In the entries below, find the line containing "6 Bedrooms I Persephone I Kanalia" and the line containing "Heren winter trui: witte". Copy those two lines and everything between them exactly, and only that.
■ ■ ■ ■
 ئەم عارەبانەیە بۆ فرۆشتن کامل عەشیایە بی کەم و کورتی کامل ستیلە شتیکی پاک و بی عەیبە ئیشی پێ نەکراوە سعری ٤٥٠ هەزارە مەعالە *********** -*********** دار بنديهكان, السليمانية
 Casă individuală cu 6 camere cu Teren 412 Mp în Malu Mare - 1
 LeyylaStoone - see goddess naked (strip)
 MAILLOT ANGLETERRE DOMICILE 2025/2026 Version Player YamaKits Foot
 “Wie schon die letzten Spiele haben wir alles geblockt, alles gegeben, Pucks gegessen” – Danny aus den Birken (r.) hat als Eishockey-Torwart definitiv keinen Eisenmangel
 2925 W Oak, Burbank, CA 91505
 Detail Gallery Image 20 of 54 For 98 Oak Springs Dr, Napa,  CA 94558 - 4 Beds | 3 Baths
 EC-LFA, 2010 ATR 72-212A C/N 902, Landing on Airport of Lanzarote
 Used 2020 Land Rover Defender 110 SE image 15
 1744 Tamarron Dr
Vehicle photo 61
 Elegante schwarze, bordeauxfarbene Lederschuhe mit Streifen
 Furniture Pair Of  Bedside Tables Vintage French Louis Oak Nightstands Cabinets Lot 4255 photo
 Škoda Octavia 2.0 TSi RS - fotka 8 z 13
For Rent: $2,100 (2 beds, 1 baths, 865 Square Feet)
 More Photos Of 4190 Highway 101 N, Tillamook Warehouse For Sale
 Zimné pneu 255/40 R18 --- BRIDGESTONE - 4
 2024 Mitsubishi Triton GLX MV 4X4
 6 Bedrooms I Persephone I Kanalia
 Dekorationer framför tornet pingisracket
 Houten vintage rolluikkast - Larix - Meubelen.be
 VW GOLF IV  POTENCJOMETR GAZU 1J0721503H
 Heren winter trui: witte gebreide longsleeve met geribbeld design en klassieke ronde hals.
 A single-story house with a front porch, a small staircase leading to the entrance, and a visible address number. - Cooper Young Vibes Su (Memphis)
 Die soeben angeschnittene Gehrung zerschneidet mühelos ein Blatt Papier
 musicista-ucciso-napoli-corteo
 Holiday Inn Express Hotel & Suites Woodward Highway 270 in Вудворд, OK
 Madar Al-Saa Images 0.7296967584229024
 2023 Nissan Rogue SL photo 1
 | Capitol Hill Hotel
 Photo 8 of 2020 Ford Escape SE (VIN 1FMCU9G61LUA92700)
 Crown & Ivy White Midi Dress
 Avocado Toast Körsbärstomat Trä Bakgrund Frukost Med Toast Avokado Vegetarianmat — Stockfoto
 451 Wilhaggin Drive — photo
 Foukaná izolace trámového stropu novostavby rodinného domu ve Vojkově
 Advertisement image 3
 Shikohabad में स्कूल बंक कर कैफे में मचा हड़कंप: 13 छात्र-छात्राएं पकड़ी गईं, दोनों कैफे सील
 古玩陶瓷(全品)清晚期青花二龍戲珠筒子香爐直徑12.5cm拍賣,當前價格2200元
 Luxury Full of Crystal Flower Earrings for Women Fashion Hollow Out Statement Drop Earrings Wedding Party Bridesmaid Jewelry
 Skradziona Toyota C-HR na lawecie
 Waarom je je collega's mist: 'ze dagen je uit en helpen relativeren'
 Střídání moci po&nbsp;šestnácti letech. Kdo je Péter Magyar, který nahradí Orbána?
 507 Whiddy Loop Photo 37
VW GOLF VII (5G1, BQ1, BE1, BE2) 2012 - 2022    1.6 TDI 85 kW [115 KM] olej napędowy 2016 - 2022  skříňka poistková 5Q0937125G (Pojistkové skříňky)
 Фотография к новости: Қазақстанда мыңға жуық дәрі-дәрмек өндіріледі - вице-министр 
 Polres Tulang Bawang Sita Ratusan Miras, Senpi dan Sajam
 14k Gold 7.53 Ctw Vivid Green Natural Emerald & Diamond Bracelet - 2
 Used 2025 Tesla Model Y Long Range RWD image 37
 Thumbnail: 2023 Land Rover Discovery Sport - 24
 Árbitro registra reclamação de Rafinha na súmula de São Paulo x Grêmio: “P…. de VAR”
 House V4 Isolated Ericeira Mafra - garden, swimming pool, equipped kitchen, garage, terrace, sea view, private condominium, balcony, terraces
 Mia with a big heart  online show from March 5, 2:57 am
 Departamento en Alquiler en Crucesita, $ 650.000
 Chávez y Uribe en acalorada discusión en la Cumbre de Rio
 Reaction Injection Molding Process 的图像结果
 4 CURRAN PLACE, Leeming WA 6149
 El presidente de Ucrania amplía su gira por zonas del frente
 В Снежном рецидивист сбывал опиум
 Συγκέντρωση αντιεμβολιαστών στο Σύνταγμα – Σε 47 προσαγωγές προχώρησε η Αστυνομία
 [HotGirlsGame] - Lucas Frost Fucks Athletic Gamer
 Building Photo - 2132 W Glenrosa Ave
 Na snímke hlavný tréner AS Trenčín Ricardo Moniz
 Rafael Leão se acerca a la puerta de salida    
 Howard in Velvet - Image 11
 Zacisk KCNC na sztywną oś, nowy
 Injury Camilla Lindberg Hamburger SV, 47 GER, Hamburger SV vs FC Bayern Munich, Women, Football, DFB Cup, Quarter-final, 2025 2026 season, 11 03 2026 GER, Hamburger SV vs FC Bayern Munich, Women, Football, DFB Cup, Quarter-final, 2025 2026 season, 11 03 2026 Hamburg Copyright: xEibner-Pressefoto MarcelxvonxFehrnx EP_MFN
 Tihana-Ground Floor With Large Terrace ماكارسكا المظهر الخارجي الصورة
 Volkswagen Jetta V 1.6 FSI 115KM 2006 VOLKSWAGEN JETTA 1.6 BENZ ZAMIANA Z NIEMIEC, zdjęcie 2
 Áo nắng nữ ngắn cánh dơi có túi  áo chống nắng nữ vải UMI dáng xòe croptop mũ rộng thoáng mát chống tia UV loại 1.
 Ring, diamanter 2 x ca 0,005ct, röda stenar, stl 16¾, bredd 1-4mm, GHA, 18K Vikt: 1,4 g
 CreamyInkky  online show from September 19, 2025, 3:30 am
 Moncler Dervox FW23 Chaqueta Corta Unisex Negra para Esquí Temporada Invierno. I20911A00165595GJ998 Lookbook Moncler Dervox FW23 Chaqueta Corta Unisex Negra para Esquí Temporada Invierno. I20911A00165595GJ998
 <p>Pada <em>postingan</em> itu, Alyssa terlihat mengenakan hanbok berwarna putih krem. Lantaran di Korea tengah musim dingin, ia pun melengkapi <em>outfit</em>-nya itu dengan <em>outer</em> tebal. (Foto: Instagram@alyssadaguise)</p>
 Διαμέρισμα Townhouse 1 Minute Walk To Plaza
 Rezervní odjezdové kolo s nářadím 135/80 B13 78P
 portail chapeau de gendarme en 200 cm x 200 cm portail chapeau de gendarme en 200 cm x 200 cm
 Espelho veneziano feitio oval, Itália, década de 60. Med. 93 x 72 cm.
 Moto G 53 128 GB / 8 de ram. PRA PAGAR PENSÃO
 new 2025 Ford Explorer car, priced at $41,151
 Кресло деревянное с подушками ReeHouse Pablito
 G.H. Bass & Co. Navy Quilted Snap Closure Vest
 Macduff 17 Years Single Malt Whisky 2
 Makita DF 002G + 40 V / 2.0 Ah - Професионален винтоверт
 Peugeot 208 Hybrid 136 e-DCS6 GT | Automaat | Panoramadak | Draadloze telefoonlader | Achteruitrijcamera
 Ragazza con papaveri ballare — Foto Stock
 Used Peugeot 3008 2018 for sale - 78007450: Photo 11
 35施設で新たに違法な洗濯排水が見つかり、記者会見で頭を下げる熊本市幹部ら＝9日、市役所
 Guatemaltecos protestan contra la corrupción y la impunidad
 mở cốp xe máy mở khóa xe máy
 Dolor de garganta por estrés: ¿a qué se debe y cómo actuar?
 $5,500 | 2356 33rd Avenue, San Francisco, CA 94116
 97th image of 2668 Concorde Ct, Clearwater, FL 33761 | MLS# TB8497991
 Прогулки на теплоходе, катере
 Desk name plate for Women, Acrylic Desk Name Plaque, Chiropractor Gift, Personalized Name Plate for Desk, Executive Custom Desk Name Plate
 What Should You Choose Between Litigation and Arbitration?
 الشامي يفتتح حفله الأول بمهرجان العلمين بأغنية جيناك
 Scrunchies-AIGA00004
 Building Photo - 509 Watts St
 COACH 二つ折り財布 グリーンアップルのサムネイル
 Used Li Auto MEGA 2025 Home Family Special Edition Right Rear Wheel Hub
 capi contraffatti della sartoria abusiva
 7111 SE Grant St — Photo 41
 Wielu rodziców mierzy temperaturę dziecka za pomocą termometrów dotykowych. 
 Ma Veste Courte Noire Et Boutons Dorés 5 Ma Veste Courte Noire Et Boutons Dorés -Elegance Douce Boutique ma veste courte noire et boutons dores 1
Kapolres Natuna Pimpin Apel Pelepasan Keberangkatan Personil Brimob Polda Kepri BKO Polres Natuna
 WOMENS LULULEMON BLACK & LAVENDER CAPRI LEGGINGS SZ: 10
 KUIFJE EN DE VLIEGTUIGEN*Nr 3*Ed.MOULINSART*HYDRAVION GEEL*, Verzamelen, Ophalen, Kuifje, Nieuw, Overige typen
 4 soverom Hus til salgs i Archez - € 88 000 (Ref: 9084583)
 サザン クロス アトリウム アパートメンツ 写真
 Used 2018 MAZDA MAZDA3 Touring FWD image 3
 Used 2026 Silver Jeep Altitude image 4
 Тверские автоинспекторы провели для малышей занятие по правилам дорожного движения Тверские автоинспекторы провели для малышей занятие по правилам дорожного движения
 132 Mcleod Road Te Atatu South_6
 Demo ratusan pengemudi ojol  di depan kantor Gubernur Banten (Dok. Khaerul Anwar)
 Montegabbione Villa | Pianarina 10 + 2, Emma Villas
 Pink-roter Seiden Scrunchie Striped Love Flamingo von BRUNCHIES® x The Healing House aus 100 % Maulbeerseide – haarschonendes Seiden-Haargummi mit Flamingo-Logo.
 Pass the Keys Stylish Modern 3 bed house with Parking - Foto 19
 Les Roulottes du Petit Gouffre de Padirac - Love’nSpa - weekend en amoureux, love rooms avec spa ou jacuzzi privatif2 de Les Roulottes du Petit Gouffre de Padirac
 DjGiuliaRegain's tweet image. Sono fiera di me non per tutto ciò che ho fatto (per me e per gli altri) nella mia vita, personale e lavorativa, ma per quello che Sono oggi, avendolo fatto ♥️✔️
■ ■ ■ ■
OUTPUT BELOW:
 6 Bedrooms I Persephone I Kanalia
 Dekorationer framför tornet pingisracket
 Houten vintage rolluikkast - Larix - Meubelen.be
 VW GOLF IV  POTENCJOMETR GAZU 1J0721503H
 Heren winter trui: witte gebreide longsleeve met geribbeld design en klassieke ronde hals.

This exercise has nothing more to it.